Joe Ollmann is a funny cartoonist who makes the most out of his scribbly, expressive drawing style. I thought his last book, Mid-Life, was a bit on the bloated side despite some very sharp character work and lots of gags. There are times I get the sense where he falls too in love with the sound of his characters' voices when a "less-is-more" approach would be more appropriate. He also had the tendency to lay on the shtick too thick to the detriment of his characters. That's why I thought his latest book, Science Fiction (Conundrum), was so successful. Just over a hundred pages, Ollmann has plenty of time to set up protagonist Mark and his girlfriend Sue, planting hints regarding their mildly dysfunctional relationship before he drops in a plot-advancing bomb.
That bomb, revealed a quarter of the way through the book, is that while watching a movie about alien abduction, Mark has a near nervous breakdown. The reason is because the movie triggers a memory of being abducted by unknown beings when he was younger. The genius of the book is that Ollmann never does anything to confirm nor deny this belief of his. Though entertaining, that's really a mcguffin for the book. Instead, this book is about how differing beliefs can drive a wedge between couples, especially if that couple has poor communication skills to begin with. At its heart, the book is about empathy. Though from an objective standpoint, Mark's belief is insane, the fact that he's a lifelong stable skeptic makes that belief something to at least engage with. At the same time, he refuses therapy because of the absolute clarity he receives from the experience. Sue is unable to believe in his belief, and that essential wedge broadens the cracks in the relationship that were already there.

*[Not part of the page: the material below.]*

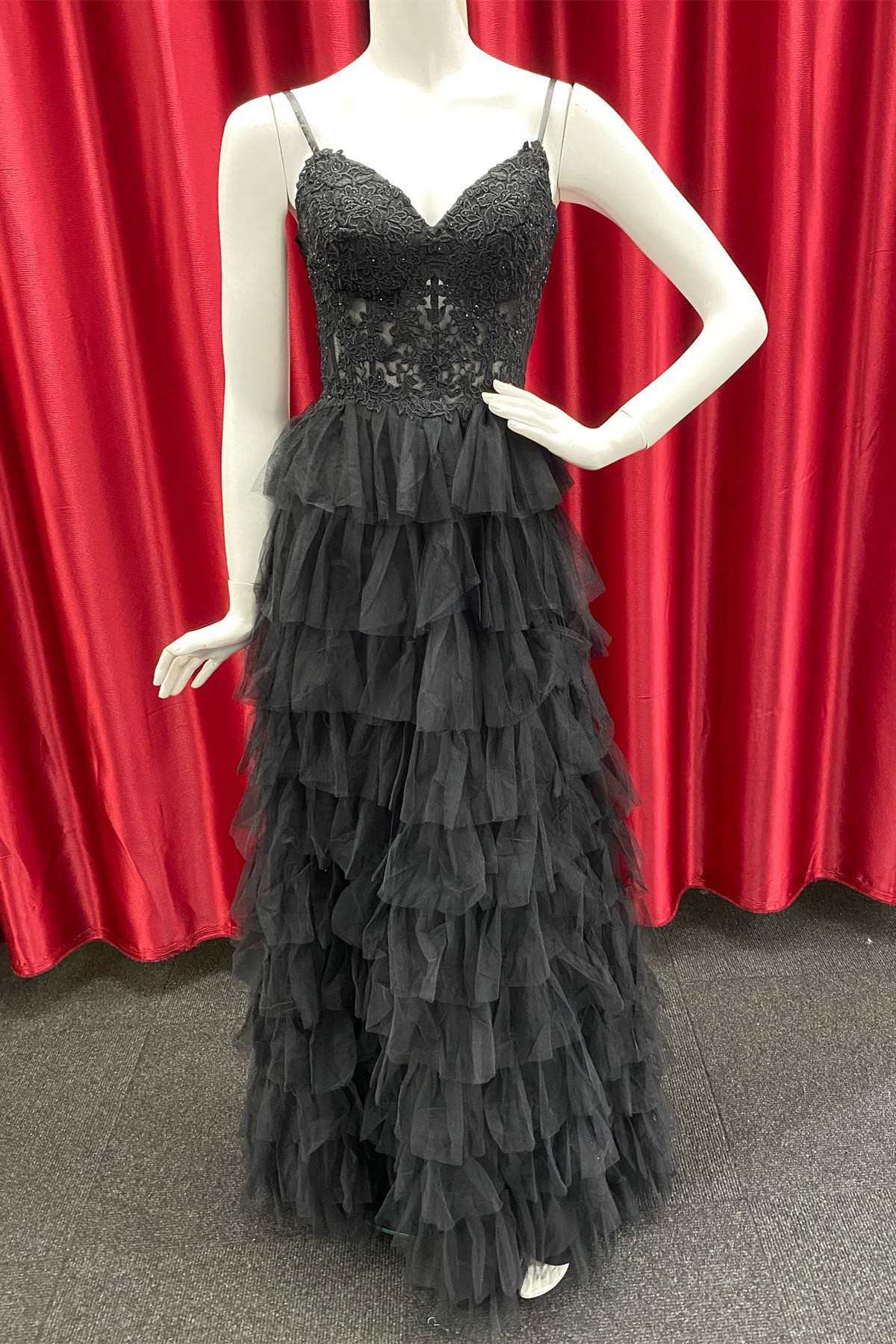 Black Tulle Lace Cutout Back Multi-Tiered A-Line Prom Dress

Science Fiction is a fascinating account at the ways in which little lies and deceptions can accrue It's also a fascinating account of the ways in which an obsession can drive a wedge into a relationship, alienating the partner who simply can't relate to this all-consuming relationship. When Sue comes home from work to find Mark (who has not bothered to show up to work in weeks) on skype with fellow abductee "survivors", it drives the wedge in a little further. She's driven to seek solace in the attentions of her boss at work, who turns being a good listener into a chance to try to start an affair that ends when she kisses him. Mark suspects the affair but Sue deflects that back to Mark's crazy behavior, further hammering in that wedge. Again, it's the accumulation of details that make the book work so well, because Ollmann painstakingly reveals the couple's daily rituals and then details how those rituals are systematically wrecked. Perhaps the most emotionally painful admission that comes from Sue is just how low-stakes her relationship was and how willing she was to accept something boring but stable as a way of not being alone, even if she had the inkling that she was more in love with him than he with her. Ollmann leaves the fate of their relationship an open question. It's in tatters by the end of the book as more revelations come out but more lies are told (some with no ill will meant), but Ollmann also demonstrates just how much of a factor inertia can play in keeping a relationship together. It takes this incredibly powerful wedge of ironclad delusion to smash the relationship; the question that Ollmann leaves with the reader is if Mark and Sue care enough about each other to rebuild the relationship from scratch. Ollmann punctuates this despair with humor, bizarre details and character voices that are fully realized and further advanced by his scratchy character design that owes a bit to Peter Bagge.